On Fri, Oct 14, 2016 at 10:19:42AM +0200, Martin Kletzander wrote:
On Fri, Oct 14, 2016 at 11:52:22AM +1100, Sam Bobroff wrote:
>On Thu, Oct 13, 2016 at 11:34:43AM +0200, Martin Kletzander wrote:
>>On Thu, Oct 13, 2016 at 11:34:16AM +1100, Sam Bobroff wrote:
>>>On Wed, Oct 12, 2016 at 10:27:50AM +0200, Martin Kletzander wrote:
>>>>On Wed, Oct 12, 2016 at 03:04:53PM +1100, Sam Bobroff wrote:
>>>>>At the moment, guests that are backed by hugepages in the host are
>>>>>only able to use policy to control the placement of those hugepages
>>>>>on a per-(guest-)CPU basis. Policy applied globally is ignored.
>>>>>
>>>>>Such guests would use
<memoryBacking><hugepages/></memoryBacking> and
>>>>>a <numatune> block with <memory mode=... nodeset=.../>
but no <memnode
>>>>>.../> elements.
>>>>>
>>>>>This patch corrects this by, in this specific case, changing the
QEMU
>>>>>command line from "-mem-prealloc -mem-path=..." (which
cannot
>>>>>specify NUMA policy) to "-object memory-backend-file ..."
(which can).
>>>>>
>>>>>Note: This is not visible to the guest and does not appear to create
>>>>>a migration incompatibility.
>>>>>
>>>>
>>>>It could make sense, I haven't tried yet, though. However, I still
>>>>don't see the point in using memory-backend-file. Is it that when
you
>>>>don't have cpuset cgroup the allocation doesn't work well?
Because it
>>>>certainly does work for me.
>>>
>>>Thanks for taking a look at this :-)
>>>
>>>The point of using a memory-backend-file is that with it, the NUMA policy
can
>>>be specified to QEMU, but with -mem-path it can't. It seems to be a way
to tell
>>>QEMU to apply NUMA policy in the right place. It does seem odd to me to use
>>>memory-backend-file without attaching the backend to a guest NUMA node, but
it
>>>seems to do the right thing in this case. (If there are guest NUMA nodes, or
if
>>>hugepages aren't being used, policy is correctly applied.)
>>>
>>>I'll describe my test case in detail, perhaps there's something I
don't understand
>>>happening.
>>>
>>>* I set up a machine with two (fake) NUMA nodes (0 and 1), with 2G of
hugepages
>>> on node 1, and none on node 0.
>>>
>>>* I create a 2G guest using virt-install:
>>>
>>>virt-install --name ppc --memory=2048 --disk ~/tmp/tmp.qcow2 --cdrom
~/tmp/ubuntu-16.04-server-ppc64el.iso --wait 0 --virt-type qemu --memorybacking
hugepages=on --graphics vnc --arch ppc64le
>>>
>>>* I "virsh destroy" and then "virsh edit" to add this
block to the guest XML:
>>>
>>> <numatune>
>>> <memory mode='strict' nodeset='0'/>
>>> </numatune>
>>>
>>>* "virsh start", and the machine starts (I believe it should fail
due to insufficient memory satasfying the policy).

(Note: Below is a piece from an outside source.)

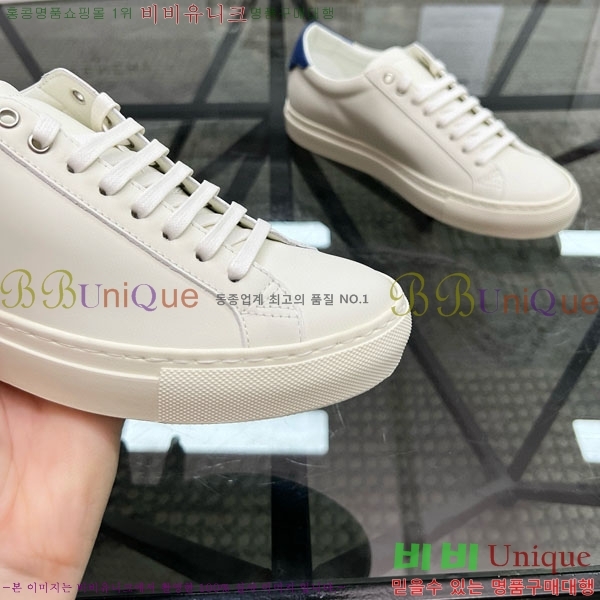  ���� ����� ����Ŀ�� JK550223-2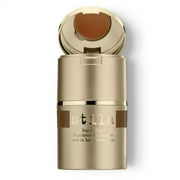 Stila Stay All Day Foundation & Concealer - Deep 14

>>>* "numastat -p $(pidof qemu-system-ppc64)" shows something like
this:
>>>
>>>Per-node process memory usage (in MBs) for PID 8048 (qemu-system-ppc)
>>> Node 0 Node 1 Total
>>> --------------- --------------- ---------------
>>>Huge 0.00 2048.00 2048.00
>>>Heap 8.12 0.00 8.12
>>>Stack 0.03 0.00 0.03
>>>Private 35.80 6.10 41.90
>>>---------------- --------------- --------------- ---------------
>>>Total 43.95 2054.10 2098.05
>>>
>>>So it looks like it's allocated hugepages from node 1, isn't this
violating the
>>>policy I set via numatune?
>>>
>>
>>Oh, now I get it. We are doing our best to apply that policy to qemu
>>even when we don't have this option. However, using this works even
>>better (which is probably* what we want). And that's the reasoning
>>behind this.
>>
>>* I'm saying probably because when I was adding numactl binding to be
>> used together with cgroups, I was told that we couldn't change the
>> binding afterwards and it's bad. I feel like we could do something
>> with that and it would help us in the future, but there needs to be a
>> discussion, I guess. Because I might be one of the few =)
>>
>>So to recapitulate that, there are three options how to affect the
>>allocation of qemu's memory:
>>
>>1) numactl (libnuma): it works as expected, but cannot be changed later
>>
>>2) cgroups: so strict it has to be applied after qemu started, due to
>> that it doesn't work right, especially for stuff that gets all
>> pre-allocated (like hugepages). it can be changed later, but it
>> won't always mean the memory will migrate, so upon change there is
>> no guarantee. If it's unavailable, we fallback to (1) anyway
>>
>>3) memory-backing-file's host-nodes=: this works as expected, but
>> cannot be used with older QEMUs, cannot be changed later and in some
>> cases (not your particular one) it might screw up migration if it
>> wasn't used before.
>>
>>Selecting the best option from these, plus making the code work with
>>every possibility (erroring out when you want to change the memory node
>>and we had to use (1) for example) is a pain. We should really think
>>about that and reorganize these things for the better of the future.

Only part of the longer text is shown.